Außergewöhnlich gut dokumentiert ist die Drucklegung des 1. Streichquintetts op. 88 (entstanden im Sommer 1882, erschienen im Dezember des Jahres). Ende Oktober erhielt der Verleger Fritz Simrock das vom Lektor Robert Keller durchgesehene Autograph als Stichvorlage. Mehrere Korrekturphasen sind durch erhaltene Vorabzüge belegt: Ein erster, von Keller bis zum 9. November bearbeiteter Stimmen-Korrekturabzug enthält Änderungen von Brahms in Kellers Hand, die dieser aus einem weiteren verschollenen Abzug übertragen haben muss. Nachdem die Änderungen in der Stecherei bis zum 11. November umgesetzt worden waren, bearbeitete Brahms den jeweils 2. Korrekturabzug von Stimmen und Partitur nach Kellers Durchsicht ab dem 13. November. Einen Parallelabzug zum 2. Korrekturabzug der Partitur erhielt später Eusebius Mandyczewski. Der Partitur-Erstdruck enthält (nach einer nicht quellenmäßig überlieferten 3. Korrektur durch Keller) alle in den erhaltenen Abzügen dokumentierten redaktionellen und kompositorischen Änderungen. Da der gründlich vorbereitete Erstdruck somit als sehr zuverlässig gelten kann, erfolgten editorische Eingriffe in die Hauptquelle nur zurückhaltend. Durch den Stich bedingte Standardisierungen z. B. bei Gabellängen wurden auch dort eher belassen, wo sie im Detail Abweichungen gegenüber dem Autograph zeigen.

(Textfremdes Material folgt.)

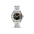 Часы наручные, мужские. Diesel OA-78602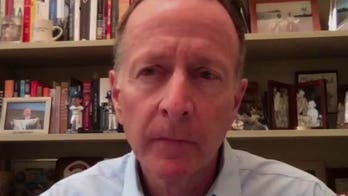Los Angeles superintendent defends schools going online-only to start school year: 'Health and safety first'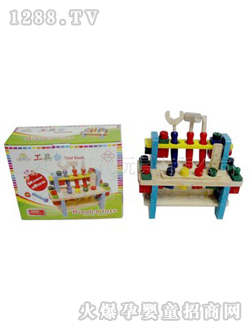 ȫ�Қg��߹����_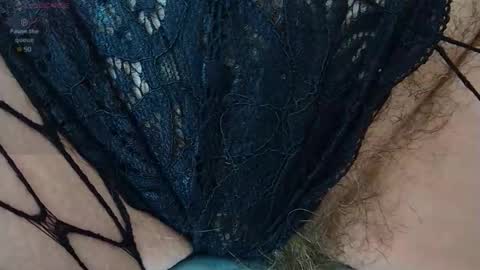 Helena online show from 11/15/25, 04:03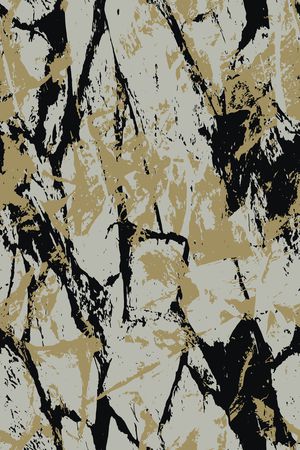 肌理印花华亿平台图片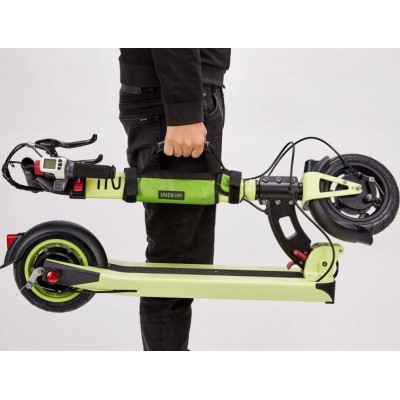 Тримач INOKIM HANDLE STRAP LQ0029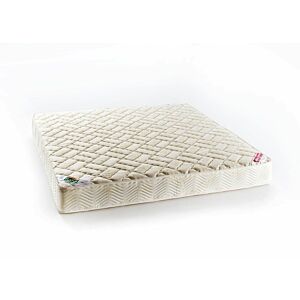 فرشة برونز مقاس 160*200 سم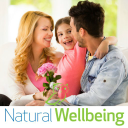 Naturalwellbeing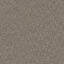 Interface Concrete Mix - Brushed / Bouclé / 50 cm x 50 cm / Braun / 1
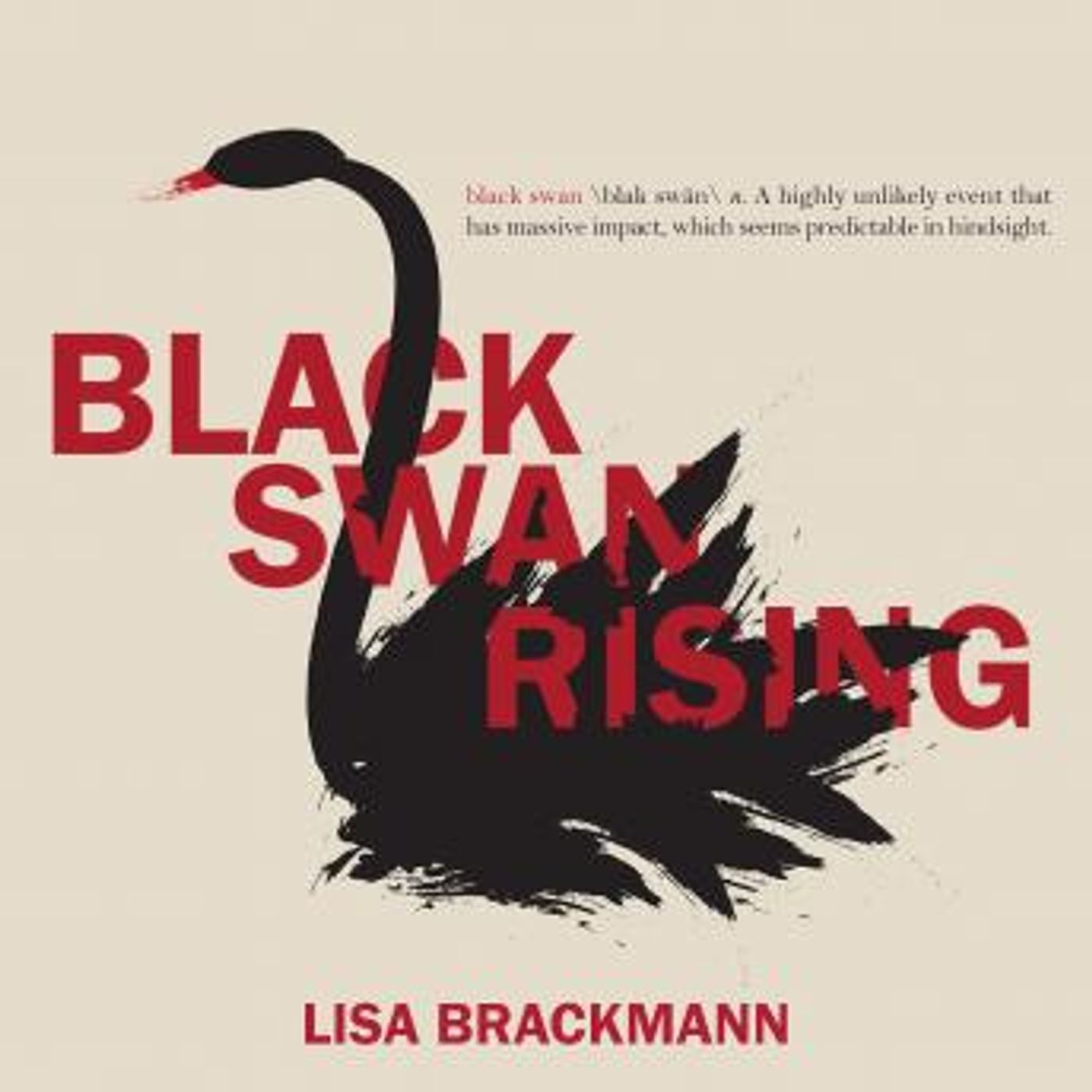 Grab the Top Full Audiobooks in Mystery, Thriller & Horror, Suspense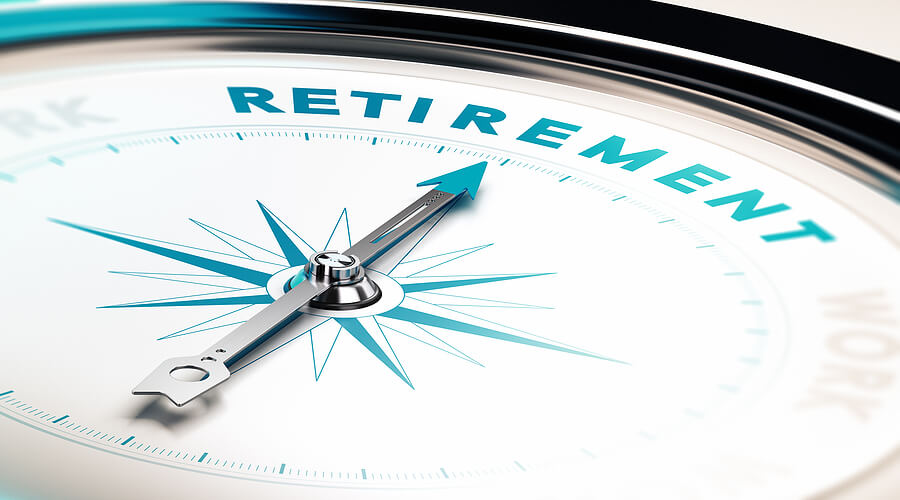 Featured image for “What If Your CIO Retired Unexpectedly?”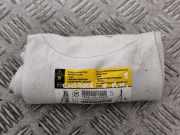 Airbag Sitz links vorne Jeep Cherokee 5 (KL) P68156079AD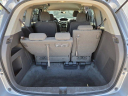 Thumbnail image of 2016 Honda Odyssey at Newport Motors - Used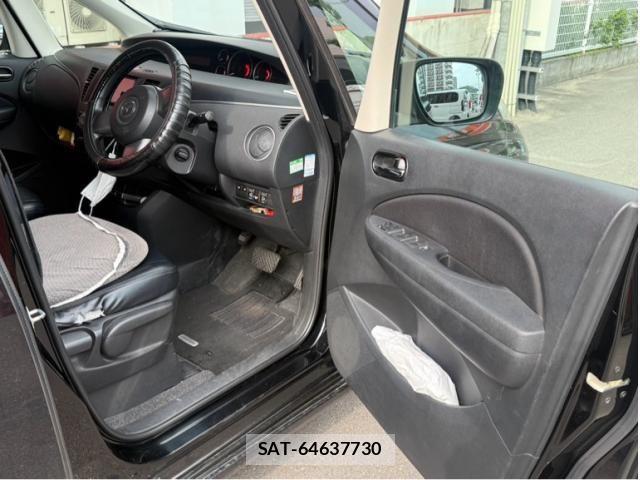 Mazda BIANTE 2012-02 7271564-12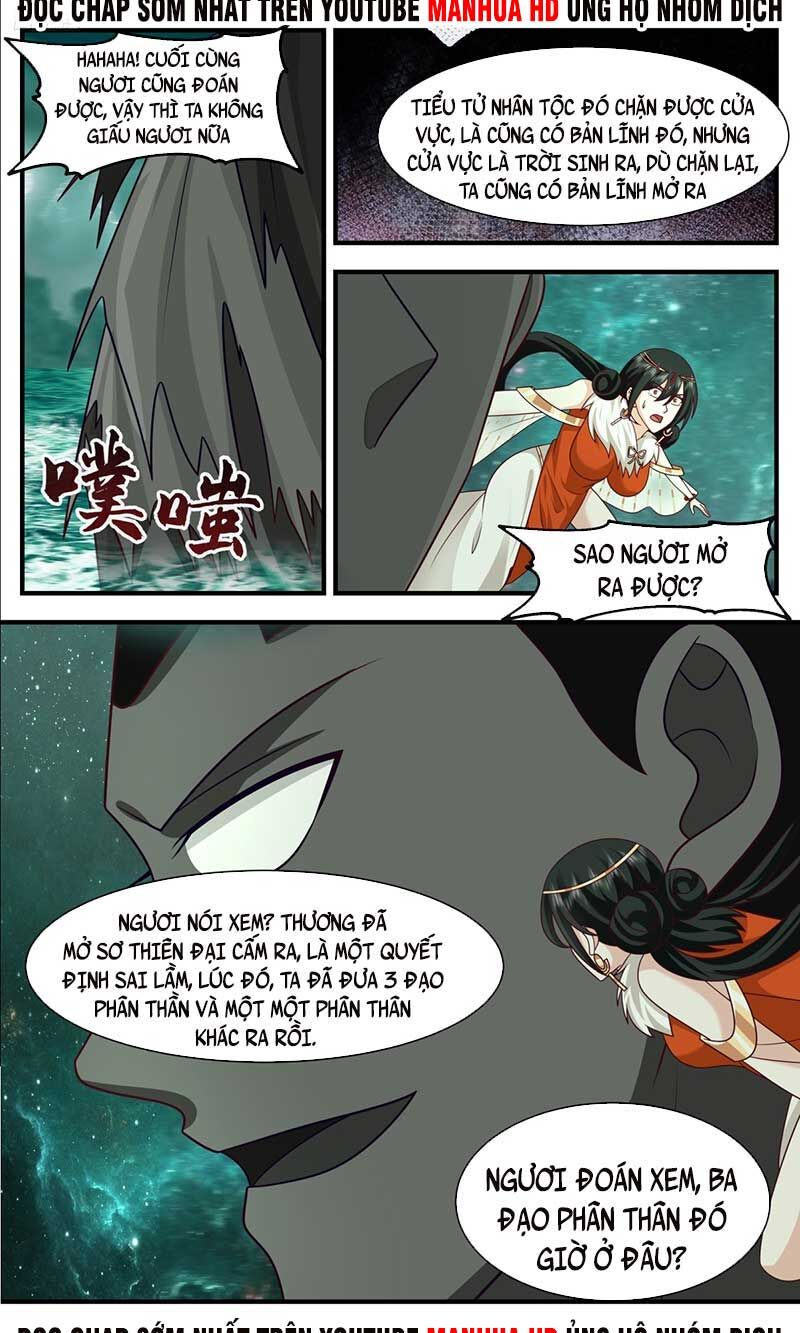 Trang 10
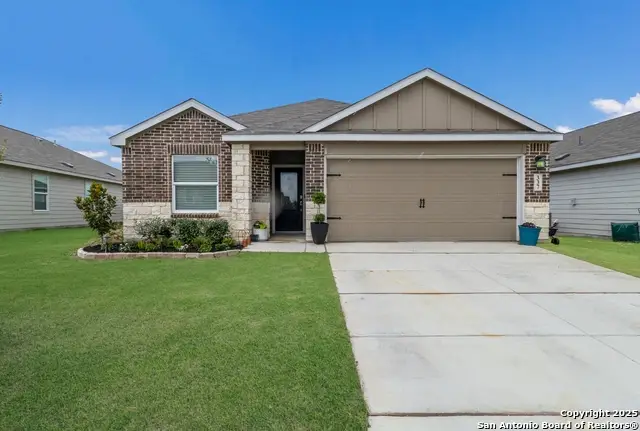 337 Cordova Crossing, Seguin, TX 78155 - #3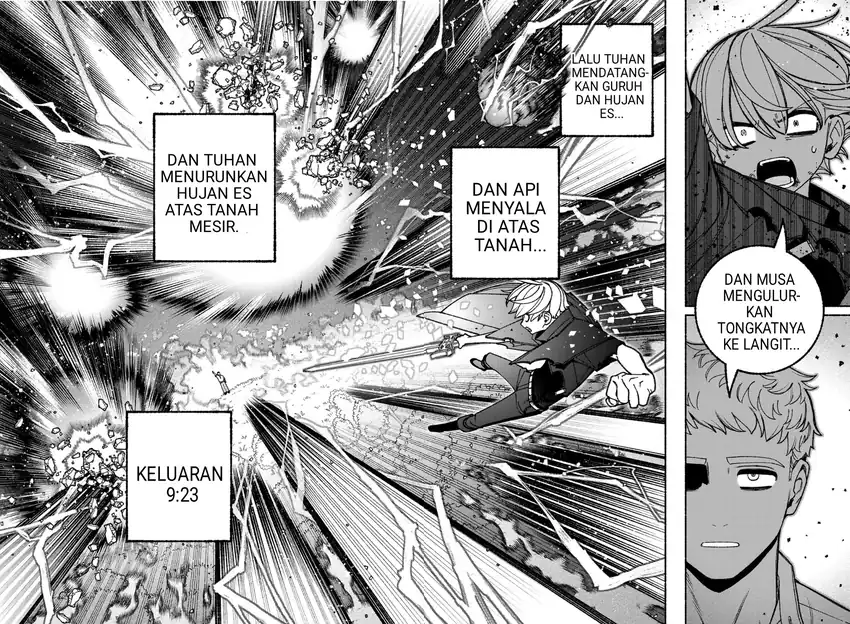 Chapter 94 - halaman 12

Für das 2. Streichquintett op. 111 (erschienen im Februar 1891) sind an handschriftlichen Quellen neben dem reinschriftlichen Autograph abschriftliche Stimmen erhalten, die während einer ersten Erprobungsphase genutzt wurden. Die ebenfalls abschriftlichen Stichvorlagen von Partitur und Stimmen sowie Vorabzüge sind dagegen verschollen. Daher mussten Divergenzen zwischen Manuskript- und Druckquellen jeweils vermutungsweise gemäß der Erfahrung mit besser belegten Fällen als redaktionell, kompositorisch oder fehlerbedingt bewertet werden. Zugleich entfallen im Editionsbericht Fehlerzuschreibungen an Kopist oder Stecherei. Angemessen darzustellen war der Befund, dass Brahms für den Beginn des Kopfsatzes nach längerer Überlegung bewusst differenzierende dynamische Angaben für die Stimmen gegenüber der Partitur anwies; unter anderem ist in der JBG-Edition die Lesart der gedruckten Stimmen in einer Fußnote zum Notentext wiedergegeben.
Im Fall des im März 1892 erschienenen Klarinettenquintetts op. 115, an dessen Drucklegung der bereits im Juni 1891 verstorbene Lektor Keller nicht mehr mitwirken konnte, sind das Autograph und die abschriftliche Partitur-Stichvorlage überliefert, während Vorabzüge wiederum fehlen. Vom Autograph über die Stichvorlage bis hin zum Erstdruck lassen sich hier insbesondere bei Gabelpositionen fortschreitende Veränderungen bzw. ‚Folgefehler‘ beobachten: Die Kopisten (1. Satz: Mandyczewski, 2.–4. Satz: William Kupfer) übernahmen Brahms’sche Schreibungenauigkeiten bei Gabeln teilweise diplomatisch, nahmen jedoch auch Angleichungen vor. Im Stich kam es daraufhin teilweise zu noch deutlicher vom Autograph abweichenden Lösungen. In solchen Fällen geht die JBG-Edition daher häufiger als im Fall des Quintetts op. 88 auf Lesarten des Autographs zurück, wobei Brahms mit einer Vereinheitlichung in geringerem Umfang sicherlich gerechnet hatte.